After formation of the spiral coil lamination as described in the previous paragraph, the spiral coil lamination is bundled with a metal band so that the described multi-level spiral configuration (geometry) does not collapse and is then batch annealed in a final annealing furnace to manufacture the end user spiral coil lamination as disclosed in paragraph [0045] of international patent application PCT/JP2016/054163.
A second method of producing a lay stack of annealed copper (or other metal) tubing is to process a continuous length of hard copper tubing equal to the length of continuous tubing in the desired end user lay stack of annealed copper tubing through an annealing heating device, such as an electric inductor (also referred to as an induction coil) annealing system to heat anneal the tubing and then coil the linear length of annealed tubing into a lay stack with a coil stack casting arm as known in the art that feeds the annealed copper tubing into a receiving mechanism as known in the art with a particular multi-layer spiral configuration (or geometry). In this annealing process the method of winding the layers (or levels) of the lay stack of annealed metal tubing is preferably accomplished to facilitate drawing of the annealed metal tubing from the lay stack by the end user.
Most generally the final end user lay stack product of annealed copper tubing consists of adjacent horizontally wound layers of annealed tubing laid down in alternating “outer-radius to inner-radius” winding layers and “inner-radius-to-outer-radius” winding layers.
The end user (final product) lay stack of annealed copper tubing produced by either method can be optionally packaged with support structures to retain the original spirally wound configuration or geometry.

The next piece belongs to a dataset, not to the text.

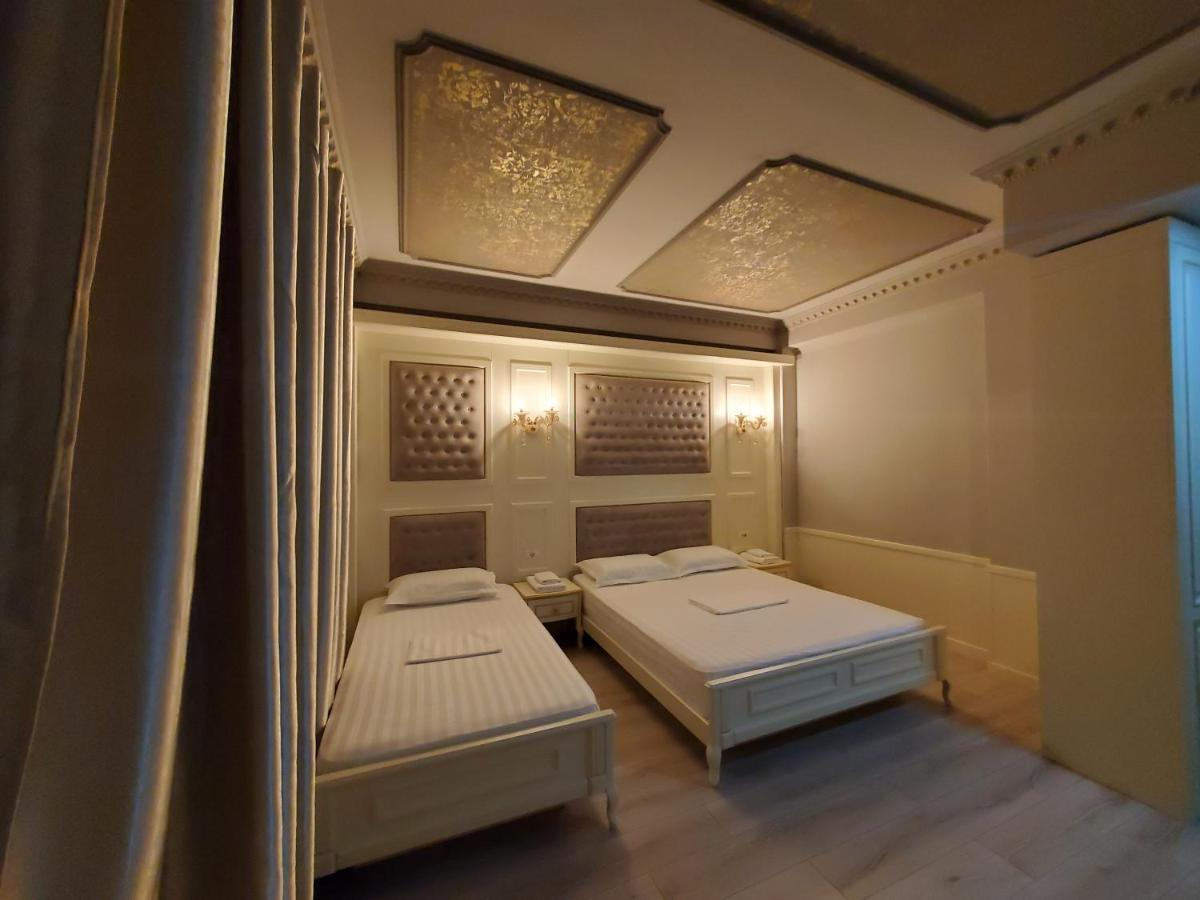 Hotel Lotus Tirana Esterno foto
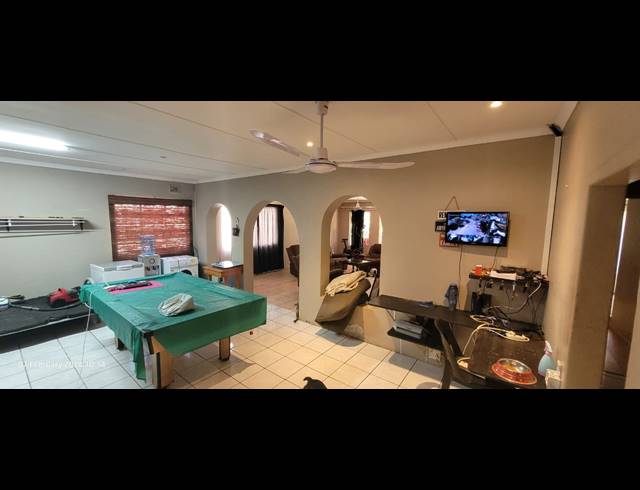 3 BEDROOM HOUSE RENTED IN PRESTBURY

However in many instances the packaging of the final product comprises placing the multi-layer spiral configuration of continuous annealed copper tubing (hard copper tubing in the first method above and annealed copper tubing in the second method) on a suitable flat transport structure, such as a pallet, without additional support structures and then shrinking wrapping (or otherwise containing) the lay stack of annealed copper tubing to the flat transport structure for shipping to the end user.